The Conquering Hero, a brig of 320 tons under Captain Cockburn, sailed from the Clyde (Glasgow/Greenock) with 127 settlers on 29 March 1850.[2] Marshall Campbell landed in Durban on 28 June 1850 with his parents, William John and Agnes Campbell.[3] They had come under the Byrne Settler scheme, which between 1849 and 1851, brought some 2 500 British emigrants to Natal.

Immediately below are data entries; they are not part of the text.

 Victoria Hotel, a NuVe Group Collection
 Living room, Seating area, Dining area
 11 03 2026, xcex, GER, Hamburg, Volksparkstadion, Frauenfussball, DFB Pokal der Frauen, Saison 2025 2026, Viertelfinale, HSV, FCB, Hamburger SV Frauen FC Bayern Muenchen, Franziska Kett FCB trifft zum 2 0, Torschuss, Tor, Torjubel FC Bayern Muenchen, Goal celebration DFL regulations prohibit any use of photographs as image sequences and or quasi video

Shortly after their arrival in Durban, Marshall's father was awarded a contract to construct the harbour's North Pier. This enabled him to buy land on the Umdhloti River, and develop his farm which he called Muckleneuk, Scots for 'great bend'. The house was designed by Frank Fleming, one of Herbert Baker's partners. By the time he died in 1865 aged 44, he had become a prominent sugar cane planter and miller.

Marshall also turned to sugar cane farming and in 1895 founded Natal Estates Limited ,[a] and two years later South Africa's first sugar refinery. He married Ellen Blamey, daughter of another sugar pioneer, in 1877 and settled at Mount Edgecombe, raising a family of four children. Being active in local business and politics, he became a member of the Natal Legislative Council, later being appointed Senator for Natal. In 1915 he received a knighthood for services to the country.

A Black township outside Durban is named Kwa Mashu, Zulu for 'the place of Marshall'.[4] Of interest is that he played a part in 1892 in introducing rickshaws to Durban, a mode of transport that has become very popular with sight-seeing tourists.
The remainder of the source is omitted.